Expectedly, they arrived in a bus load and headed to the Prof’s office chanting Allahu Arkbar! Odekunle was informed, he had visitors and with all the confidence in the world, the man went to them and joined them to invoke the greatness of Allah. He asked about six of them to follow him to his office since his office couldn’t take all the angered soldiers of God.
In his office, it was gathered that he offered them his lunch, even though they rejected, but he succeeded in weakening their resolve. That was when he asked them if they would allow a hooded stranger whom they have never seen his face or known before, enter their houses. In unison, they echoed in the negative – then he lectured them on the in appropriateness of hosting a covered face in a class. He argued that if the lady must wear her niqab- she should as a matter of responsiveness, give a clue to her identity as anyone could dress like her and even impersonate her during exams. Reasons prevailed over dogmatism as logic became their defining compromise.
By the time the MSS representatives were coming out-it was a psychologically subdued folks who were welcomed by the other members outside. Using the trick of wisdom and discipline, the professor averted what would have been a tragedy in Zaria, that day.
This scenario brings me to the crux of my intervention on the Biafra issue. I still maintained that the agitators for Biafra have the constitutional right to seek for self-independence provided it is done within the limit of law and civility. I expect the governors of the Southeast to identify with the agitators, share their feelings and then reassure them on government’s effort to address whatever ill feelings they have. But trust our lethargic leaders – they saw that as inconsequential thus giving Nnamdi Kanu the platform to indoctrinate the Igbo youths towards the negative. A leader that cannot identify with his people has failed as a leader.
The Army also once demonstrated the Odekunle factor when they had that ugly confrontation with the Shiites movement in Zaria-even though that dialogue attempt failed, at least, they tried to identified with belligerent guys first.
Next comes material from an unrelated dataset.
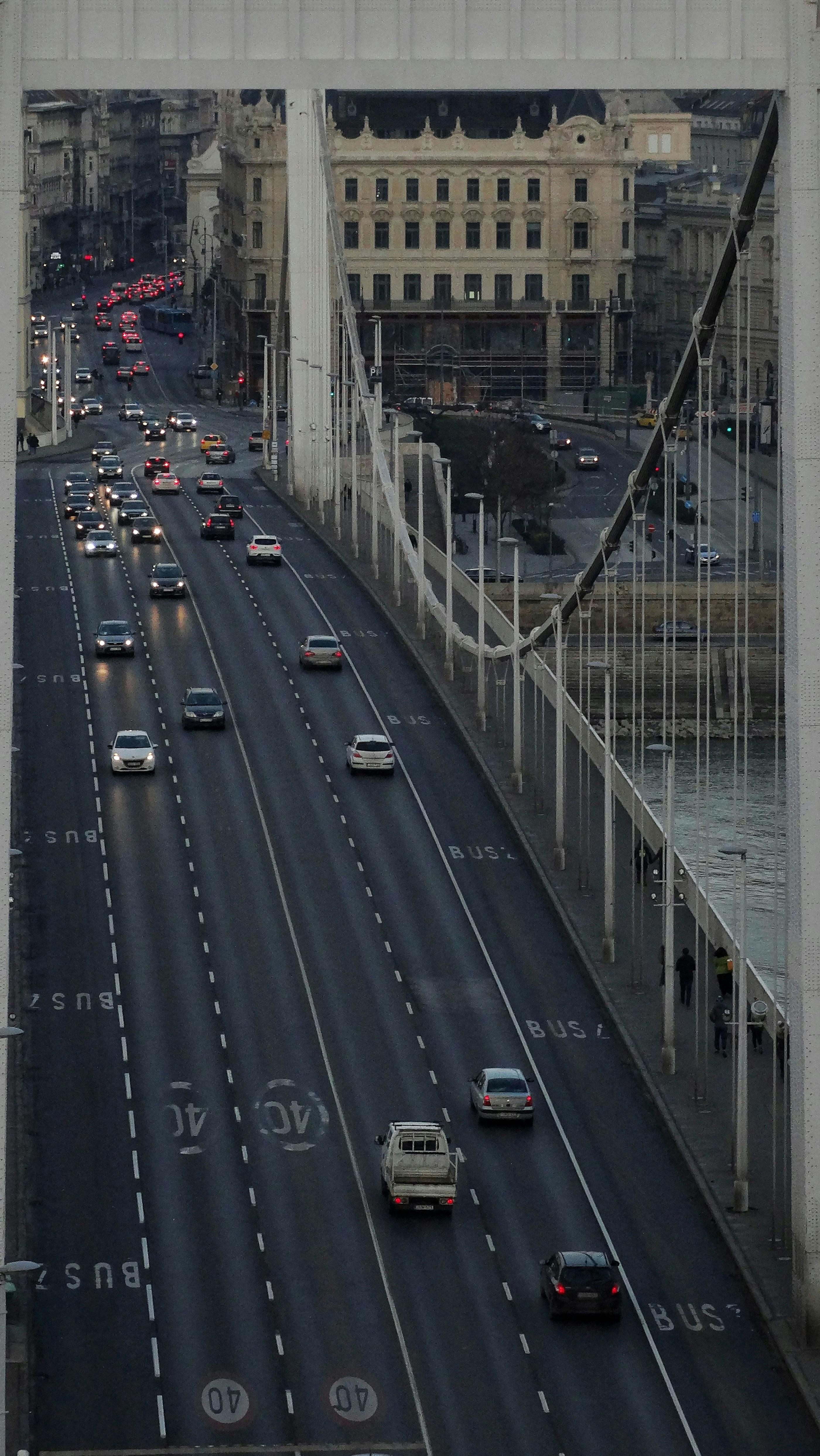 High-angle view of vehicles on a busy suspension bridge during evening rush hour in a city.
This model would have been used in the early days of the deadly Boko Haram insurgency when, instead of bathing them with the water of bullets, they should have been engaged in dialogue where compromises can be reached. There is nothing that cannot be achieved on the table of dialogue regardless of the lethal provocation. Leaders in the north lost the opportunity to nip this monster in the bud and ever since, it has been rains of sorrow.
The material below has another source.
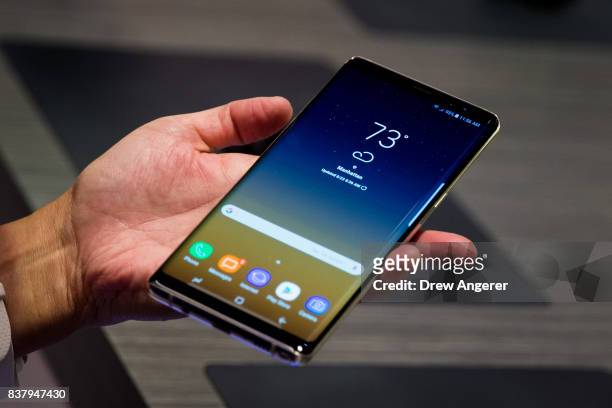 Man tries the new Samsung Galaxy Note8 smartphone during a launch event, August 23, 2017 in New York City. The Galaxy Note8 will be released in...
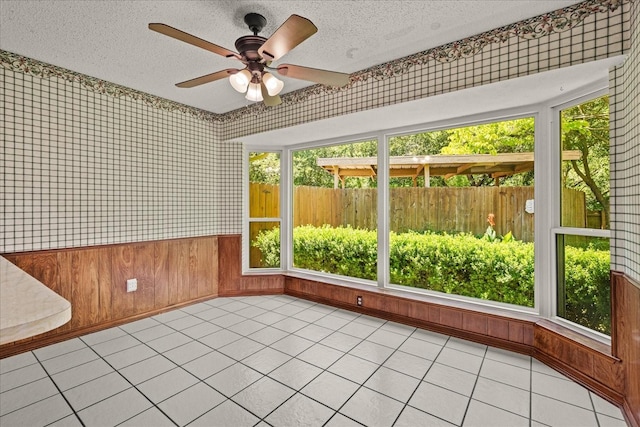 3601 University Dr, Garland, TX 75043 - unfurnished sunroom featuring a textured ceiling, wallpapered walls, and wood walls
Lack of emotional intelligence and sincerity of purpose, led to the creation of the boko haram monster and since then we haven’t had a peaceful sleep. Had the authorities deployed dialogue, carrot and stick approach, give and take measurements, the boko haram debacle would not have degenerated to this frightening reality.
There is nothing compromise wouldn’t fetch a society in desire of development. We should have employed the Odekunle model in handling the haram impasse.
The Odekunle factor can therefore be likened to the biblical injunction that prescribed giving the second side when slapped from the other side. In life, sometimes, common sense can give you consistent triumph instead of strength.